Powered by Core Strengths, Focus on Core Businesses & Reinforce Organic Growth Momentum
2024 Interim Results Highlights:
- Total revenue maintained growth, reaching RMB97.84 billion;
- Industrial operation profit maintained growth, reaching RMB3.47 billion;
- Continued focus on core businesses, with the four core subsidiaries generating total revenue of RMB72.17 billion, accounting for 74% of the Group’s total revenue;
- Adjusted total debt-to-capital ratio was 50.2%, maintaining a downward trend since 2020;
- Global operation capabilities continued to improve, with overseas revenue reaching RMB45.87 billion, accounting for 47% of total revenue;
- Investment in technology innovation reached RMB3.5 billion, with the integrated innovation model becoming more mature and a number of groundbreaking innovations achieved;
- Asset-light operation capabilities have become more prominent; Collaboration with partners to develop major projects and establish industry funds, driving the future development of advantageous industries; the proportion of Club Med’s self-owned resorts reduced to 15%
HONG KONG and SHANGHAI, Aug. 28, 2024 /PRNewswire/ — Fosun International Limited (HKEX stock code: 00656, “Fosun International”), together with its subsidiaries (“Fosun” or the “Group”), today announced its interim results for the six months ended 30 June 2024 (the “Reporting Period”).
In the first half of 2024, despite a complex macroeconomic environment, Fosun steadfastly pushed forward its strategic focus, driving development with core strengths, achieving quality and efficiency improvement in core industries, and maintaining a solid asset base. During the Reporting Period, the Group’s revenue continued to grow, reaching RMB97.84 billion. Industrial operation profit maintained growth, reaching RMB3.47 billion, and profit attributable to owners of the parent was RMB720 million. The four core subsidiaries, namely Yuyuan, Fosun Pharma, Fosun Insurance Portugal, and Fosun Tourism Group (“FTG”), achieved a total revenue of RMB72.17 billion, maintaining year-on-year growth and accounting for 74% of the Group’s total revenue.

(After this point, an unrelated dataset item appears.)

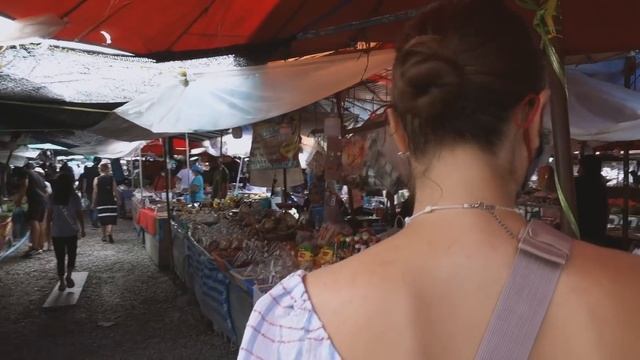 VLOG#4. stay at home. Воскресное барбекю дома, один день из жизни смотреть онлайн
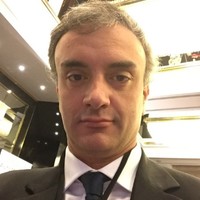 Perugini Marco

At the same time, Fosun continuously optimized its asset portfolio, continuously reduced leverage, maintained a sound financial position, and had abundant cash reserves, further strengthening its ability to seize opportunities and accumulate strength for a new round of development. As of the end of the Reporting Period, the Group’s adjusted total debt-to-capital ratio was 50.2%, maintaining a downward trend since 2020. Adjusted NAV was HK$17.4 per share. In the 17 years since its listing, Fosun has accumulatively paid out HK$25.6 billion in dividends, with the dividend payout ratio gradually increasing to over 20% in the past five years. In June 2024, the international rating agency S&P fully recognized the effectiveness of Fosun’s financial strategy and affirmed its rating outlook as “stable”.
Guo Guangchang, Chairman of Fosun International, said: “In the first half of the year, although the macro environment remained challenging, we continued to resolutely execute our strategy of focusing on core businesses, developing industry-leading companies and products in the industries where we have formed advantages. We have maintained our focus on innovation and globalization, while focusing on asset-light operations, driving long-term development with competitive core strengths.”
Steady growth in overseas revenue, with high-quality global business becoming a new growth driver
As a global enterprise rooted in China, Fosun has leveraged its industrial presence in over 35 countries and regions around the world to connect different markets, formats, and resources, continuously enhancing its global operation capabilities. In the first half of 2024, the Group’s overseas revenue reached RMB45.87 billion, representing a year-on-year increase of 4%, and accounting for 47% of total revenue. High-quality global business has gradually become a new growth driver.
HANQUYOU, independently developed by Shanghai Henlius, received marketing approval from the United States (U.S.) Food and Drug Administration (FDA), making it a “Chinese” monoclonal antibody biosimilar approved in China, the European Union (EU), and the U.S. HANLIKANG, China’s first biosimilar, received marketing approval from the Peruvian General Directorate of Medicines, Supplies and Drugs (DIGEMID) in Peru, making it the third self-developed drug of Shanghai Henlius to be approved for overseas marketing after HANQUYOU and HANSIZHUANG.
Club Med, a subsidiary of FTG, operates 67 resorts worldwide. In the first half of 2024, it achieved a record-high business volume of RMB8.89 billion, representing a year-on-year increase of 10.3%. Club Med’s business in the Europe, Middle East and Africa (EMEA) region and the Americas continued to grow, and its business in Asia-Pacific region recovered significantly. In May 2024, Club Med signed an agreement with Oman for the launch of its first resort in the Middle East.
Easun Technology, a global leading automation and digitalization company under Fosun, achieved new overseas orders of RMB3.99 billion in the first half of 2024, with a significant increase in orders from the U.S. market, reaching RMB750 million, more than doubling year-on-year.
Hainan Mining’s Bougouni lithium mine project in Mali, Africa, is undergoing the first phase of construction and is expected to be completed and put into operation by the end of 2024. In July 2024, Hainan Mining reached a memorandum of understanding with Ajlan & Bros Mining Company to explore the feasibility of jointly building a lithium salt plant in Saudi Arabia and jointly establish an industry fund.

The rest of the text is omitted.